Les agents bénéficient, sur leur demande, des actions du plan de formation, sous réserve des nécessités de fonctionnement du service.
A tout moment (ou à l’occasion de l’entretien de formation annuel dont chaque agent doit normalement bénéficier- article 4 du décret) l’agent peut solliciter de suivre la formation destinée à lui permettre de décrocher un diplôme - en cas d’accord de sa direction et si cette formation rentre dans le plan de formation de l’établissement l’agent peut alors bénéficier d’une prise en charge des frais de formation et d’un maintien de rémunération pendant cette formation.
Gilles Rivallan, juriste
Quid de l’indemnité versée au titre du congé de formation professionnelle à l’agent de la fonction publique hospitalière ?
Il convient de se reporter aux dispositions du décret du 21 août 2008 et de la circulaire du 11 février 2010 relatifs à la mise en œuvre du congé de formation professionnelle des agents de la fonction publique hospitalière.
l’Article 31 du décret du 21 août 2008 et l’article 4 de la circulaire du 11 février 2010 prévoient que :
L'agent qui a obtenu un congé de formation professionnelle perçoit une indemnité mensuelle forfaitaire, pendant une durée n'excédant pas douze mois pour l'ensemble de sa carrière. Cette durée est portée à vingt-quatre mois si la formation est d'une durée de deux ans au moins.
Les demandes de prise en charge de l'indemnité sont satisfaites par l'organisme paritaire collecteur agréé dans la limite des crédits disponibles. L'indemnité mensuelle forfaitaire est égale à 85 % du montant total du traitement brut et de l'indemnité de résidence perçue par l'agent au moment de sa mise en congé. Le montant de cette indemnité ne peut toutefois excéder la somme du traitement et de l'indemnité de résidence afférents à l'indice brut 650 d'un agent en fonction à Paris. Elle est augmentée du supplément familial.
L'indemnité est versée par l'établissement dont dépend l'agent. L'établissement en est remboursé par l'organisme paritaire collecteur agréé, sous réserve que celui-ci prenne en charge la demande de financement. Le remboursement comprend également le supplément familial et les charges sociales attachées au traitement.

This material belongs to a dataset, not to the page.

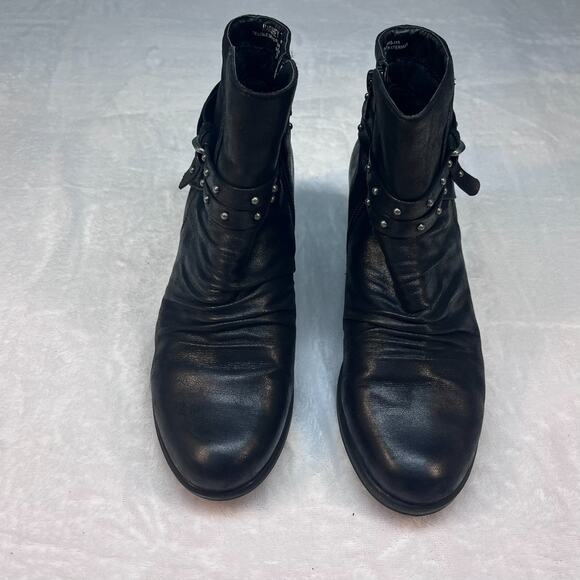 Yuu Marshey Black Side Zip Boots Women's Size 7W Ankle Boot (0019) - Picture 1 of 5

Pour percevoir cette indemnité, l'agent doit en adresser la demande à l'organisme paritaire collecteur agréé. Celui-ci définit les règles relatives à la prise en charge et au règlement des dépenses afférentes aux frais pédagogiques, de transport et d'hébergement occasionnés par le congé de formation professionnelle.
Par ailleurs, l’article 36 du décret du 21 août 2008 prévoit :
L'agent qui a bénéficié d'un congé de formation professionnelle reprend dans son établissement d'origine, au terme de son congé, un emploi correspondant à son grade ou, pour le non-titulaire, de niveau équivalent à celui de l'emploi qu'il occupait.
Madeleine Bourgeois-Pailhes, juriste
Temps de travail - heures supplémentaires
Quid de la durée hebdomadaire du travail dans les établissements publics d’hospitalisation ?
Selon les dispositions du décret n° 2002-9 du 4 janvier 2002 modifié, « la durée du travail est fixée à 35 heures par semaine dans les établissements mentionnés à l’article 2 de la loi du 9 janvier 1986 », c'est-à-dire les établissements publics d’hospitalisation.
Le décompte du temps de travail est réalisé sur la base d’une durée annuelle de travail effectif de 1607 heures maximum sans préjudice des heures supplémentaires susceptibles d’être effectuées.
Pour les agents en repos variable (c'est-à-dire ceux travaillant au moins 10 dimanches ou fériés par an): La durée annuelle de travail effectif est réduite à 1 582 heures, et heures et pour les agents travaillant exclusivement la nuit, la durée annuelle de travail effectif est de 1476 heures, hors jours de congés supplémentaires.
De manière générale, l’article 8 du décret précité rappelle que l’aménagement et la répartition des horaires de travail sont fixés par le chef d’établissement, compte tenu de la nécessité et d’assurer la continuité des soins ou de la prise en charge des usagers.
L’article 8 de ce décret ajoute que « tout agent soumis à un décompte horaire qui ne peut effectuer l'intégralité de son temps de travail quotidien en raison d'une absence autorisée ou justifiée est considéré avoir accompli le cinquième de ses obligations hebdomadaires de service prévues en moyenne sur la durée du cycle de travail ;L'agent en formation au titre du plan de formation et qui, de ce fait, ne peut être présent à son poste de travail accomplit un temps de travail effectif décompté pour la durée réellement effectuée ».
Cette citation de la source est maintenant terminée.